Un acuerdo tendencioso
Nada tenía sentido. En los meses siguientes ahondé en la teología. Quería entender a este Dios a quien decía adorar, pero a quien no podía entender. Mientras Dios en su gracia me reconfortaba con su presencia, yo aún tenía preguntas sin responder.
Al examinar mis expectativas, me di cuenta de que, de forma inconsciente, pensaba que la vida era lineal. Vivía como si las bendiciones de Dios dependieran de mi fidelidad y los problemas fueran el resultado de mis errores. Así que, si yo cumplía con mi parte de la relación, Dios seguramente cumpliría con la suya. De lo contrario, ¿qué sentido tenía obedecerle?
En su libro El Dios Pródigo, Tim Keller habla de esta sutil pero peligrosa expectativa. Dice: “Si, como el hermano mayor, buscas controlar a Dios a través de la obediencia, entonces toda tu moralidad es solo una forma de utilizar a Dios para que te dé las cosas que realmente quieres en la vida”.

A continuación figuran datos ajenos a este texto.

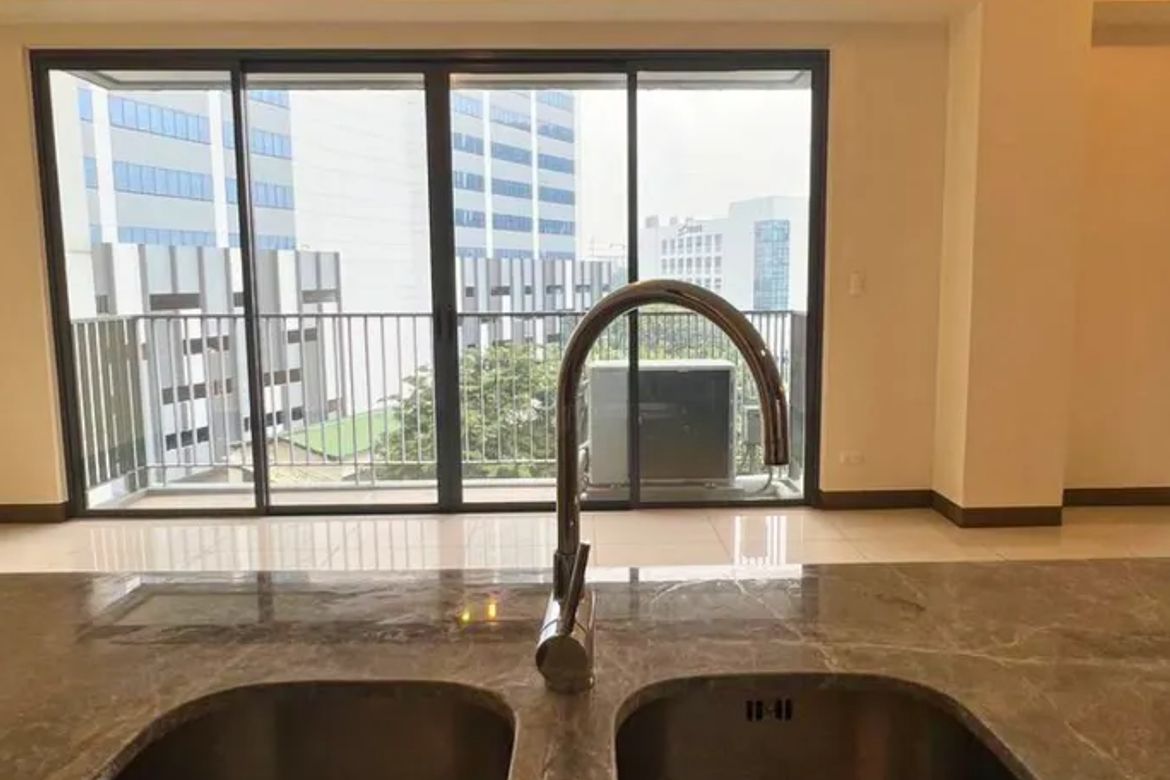 1 Bedroom Condo for Sale in One Shangri-La Place, Wack-Wack Greenhills, Mandaluyong, Metro Manila near MRT-3 Shaw Boulevard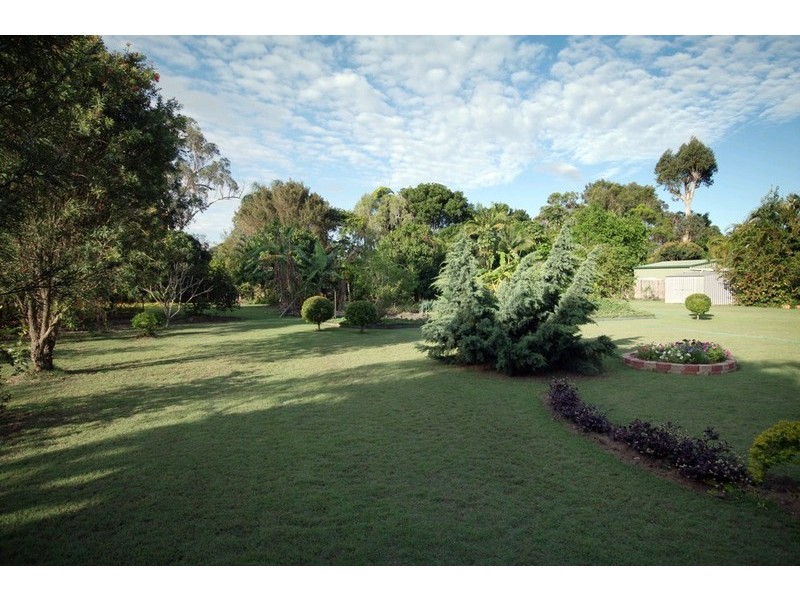 718 Bestmann Road, Ningi QLD 4511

Me avergüenza admitir lo bien que me describía esa declaración. Mi moralidad no era más que una forma de utilizar a Dios para obtener las cosas que quería en la vida. La oración era fundamentalmente un amuleto de buena suerte, una forma de controlar mi entorno para poder vivir una vida feliz y sin dolor. Dios debía ser mi sirviente cósmico, listo para darme todo lo que le pidiera. Este era un acuerdo comercial enfocado en mí, no un pacto con el Dios todopoderoso.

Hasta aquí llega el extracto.